Rural poverty worsens despite strides in urban poverty- MDG Report

Extreme poverty in the rural areas continues to deepen in Ghana despite strides made in the urban areas to reduce the phenomenon, the Millennium Development Goal report has indicated.

The report suggested that Ghana managed to halve the proportion of people living in extreme poverty between 1990 and 2006 but much progress has not been seen in rural and northern Ghana.

The three northern regions have recorded worse poverty levels, the report concluded.

“There is deep poverty in the rural areas and in the three northern regions. A high poverty gap ratio was reported in the three northern regions.

“A considerable proportion of the poor are far away from escaping poverty. The highest poverty ratio recorded in the Upper West Region in 2013 was 47.1 per cent.” Same was recorded in Upper East and Northern Regions, Joy News’ Joseph Opoku Gakpo read excerpts of the report as saying.

The report was launched in Accra Tuesday by the United Nations and the National Development Planning Commission.

The Director General of the NDPC Dr Nii Moi Thompson said the situation did not improve even in 2015.
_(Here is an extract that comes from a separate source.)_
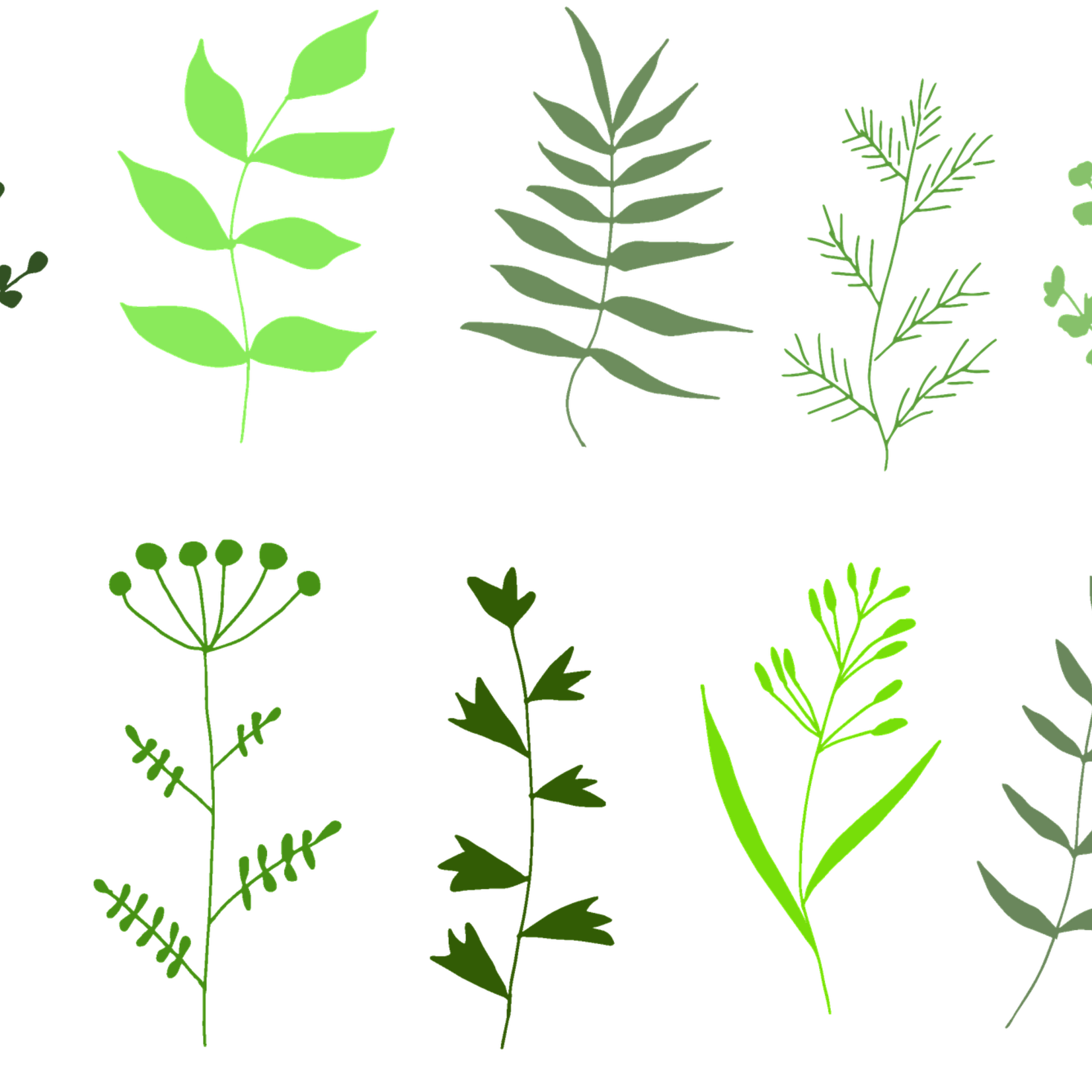HERB, 4" NOT SOLD ONLINE* $2.99 EA.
“Analysis from the 2015 report has shown that despite the real progress made the most vulnerable people, the poorest of the poor and other disadvantaged groups have recorded limited progress.

“Disparities in progress between urban and rural areas remain a constant worry that much continues to be done to command the attention of policy makers,” he said.
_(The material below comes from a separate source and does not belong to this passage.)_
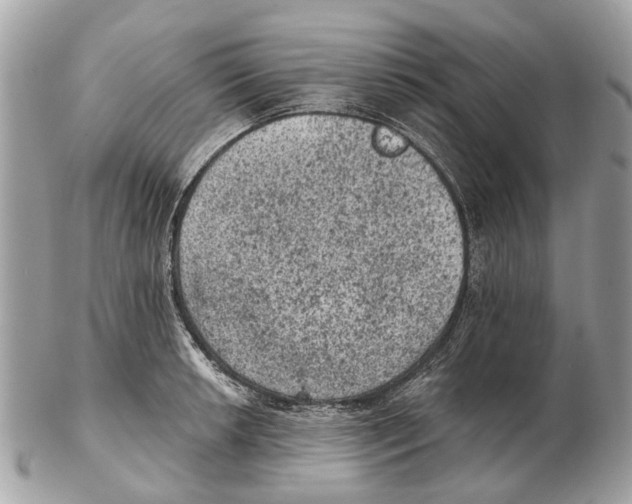 X0000102461042200809051305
Even though poverty has reduced in the urban areas, there is also an increase in inequality, the 2015 report indicated.

Explaining the differences in poverty levels in the urban and rural areas, Dr Eric Asibey Yeboah who is with the Economics Department of the University of Ghana said the economy is growing but only limited people are benefitting.

“Explaining the increase in income inequalities also underscores the kind of economic growth, the quality of growth process; the distributional effect of the growth and the sources of this growth.

“Most of our growth is coming from the extractive sectors, oil, mining which is often capital intensive and has no linkage at all with the other sectors and unable to carry the majority of the people along when we are growing.”

Another Economist Dr William Baah Boateng, the author of the MDG report on Ghana who was also present at the launch, said seven regions have been able to achieve the poverty target as at 2013. However, the depth of poverty (people who are far away from crossing the poverty line) is becoming worse.

“Even though we have been able to attain the poverty incidence we still have a problem when it comes to the poverty gap,” he said.